Description
Introduction
In this project, you will process some data from the 2010 census to efficiently answer certain queries about population density. These queries will ask for the population in some rectangular area of the country. The input consists of “only” around 220,000 data points, so any desktop computer has plenty of memory.
Overview of what your program will do
The file CenPop2010.txt contains real data published by the U.S. Census Bureau. The data divides the U.S. into 220,333 geographic areas called “census-block-groups” and reports for each such group the population in 2010 and the latitude/longitude of the group. It actually reports the average latitude/longitude of the people in the group, but that will not concern us: just assume everyone in the group lived on top of each other at this single point.
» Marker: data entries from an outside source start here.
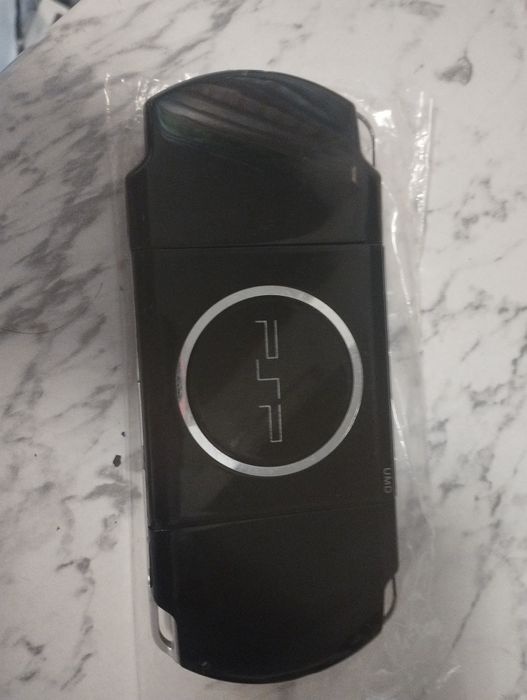 Assalom alekum Psp Sotiladi Limited My Edition Black 3000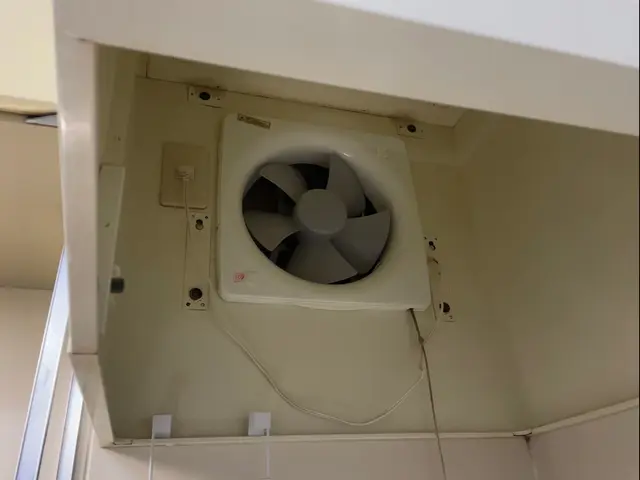 ☆☆プロペラも外してお掃除☆☆自分では取れない油汚れもしっかり落とす♪サービスの画像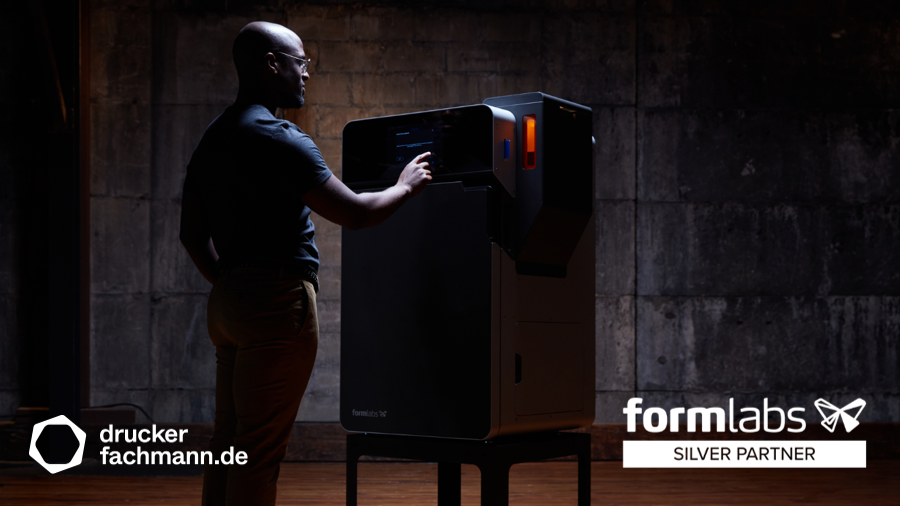 Mann steht vor der Fuse 1+ von formlabs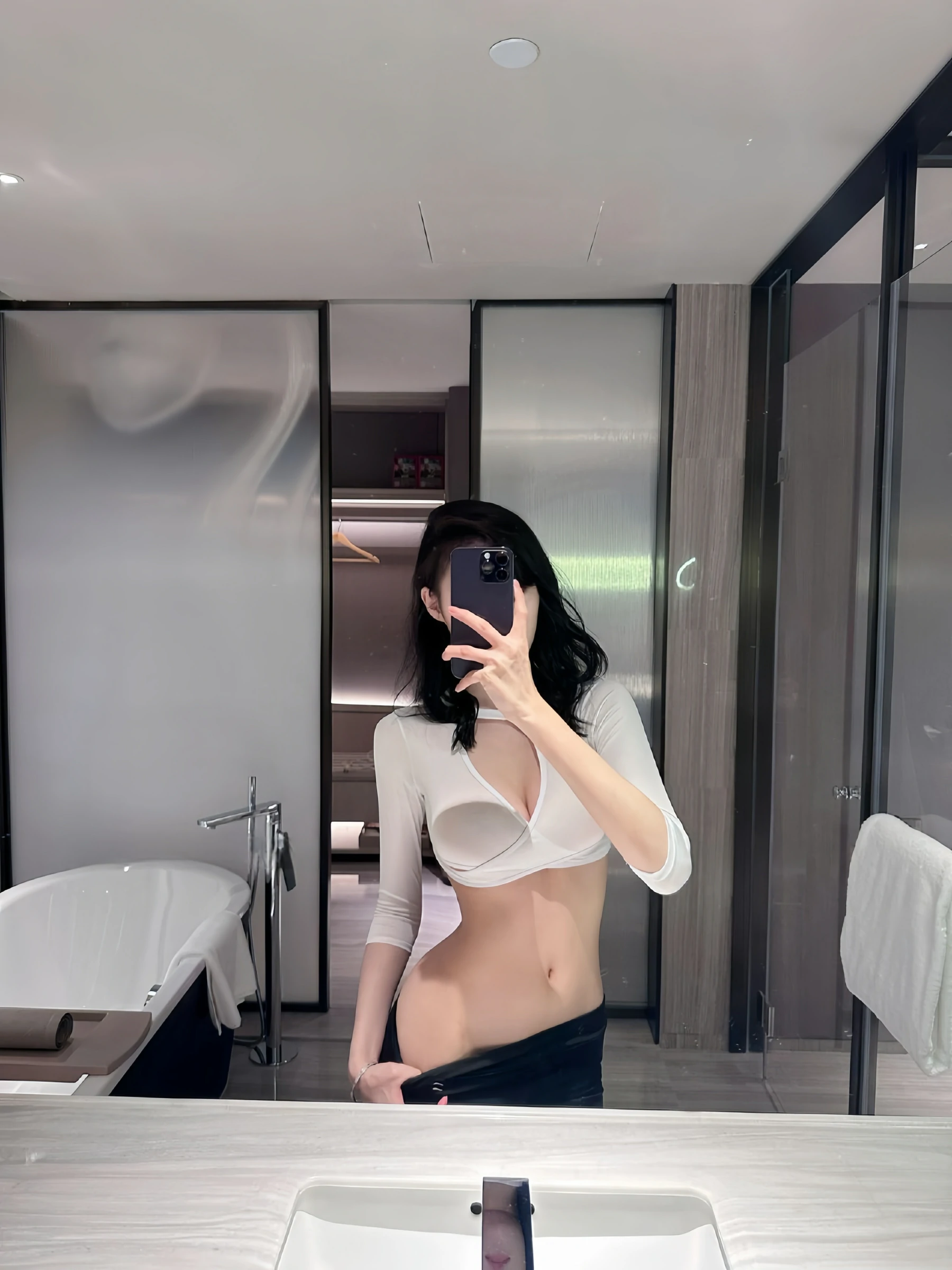 麻利亚辣 – 白蕾丝丁字裤 [28P]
Given this data, we can imagine the entire U.S. as a giant rectangle bounded by the minimum and maximum latitude/longitude of all the census-block-groups. Most of this rectangle will not have any population:
-
The rectangle includes all of Alaska, Hawaii, and Puerto Rico and therefore, since it is a rectangle, a lot of ocean and Canada that have no U.S. population.
-
The continental U.S. is not a rectangle. For example, Maine is well East of Florida,
adding more ocean.
Note that the code we provide you reads in the input data and changes the latitude for each census group. That is because the Earth is spherical but our grid is rectangular. Our code uses the Mercator Projection to map a portion of a sphere onto a rectangle. It stretches latitudes more as you move North. You do not have to understand this except to know that the latitudes you will compute with are not the latitudes in the input file.
Your program will first process the data to find the four corners of the rectangle containing the United States. Some versions of the program will then further preprocess the data to build a data structure that can efficiently answer the queries described above. The program will then prompt the user for such queries and answer them until the user chooses to quit.
More details on how your program should work
The first three command-line arguments to your program will be:
-
The file containing the input data
-
Two integers x and y describing the size of a grid (a two-dimensional array) that is used to express population queries
Suppose the values for x and y are 100 and 50. That would mean we want to think of the rectangle containing the entire U.S. as being a grid with 100 columns (the x-axis) numbered 1 through 100 from West to East and 50 rows (the y-axis) numbered 1 through 50 from South to North. (Note we choose to be “user friendly” by not using zero-based indexing.) So the grid
would have 5000 little rectangles in it. Larger x and y will let us answer queries more precisely but will require more time and/or space.
A query describes a rectangle within the U.S. using the grid. It is simply four numbers:
-
The Western-most column that is part of the rectangle; error if this is less than 1 or greater than x.
-
The Southern-most row that is part of the rectangle; error if this is less than 1 or greater than y.
-
The Eastern-most column that is part of the rectangle; error if this is less than the Western-most column (equal is okay) or greater than x.
-
The Northern-most row that is part of the rectangle; error if this is less than the Southern-most column (equal is okay) or greater than y.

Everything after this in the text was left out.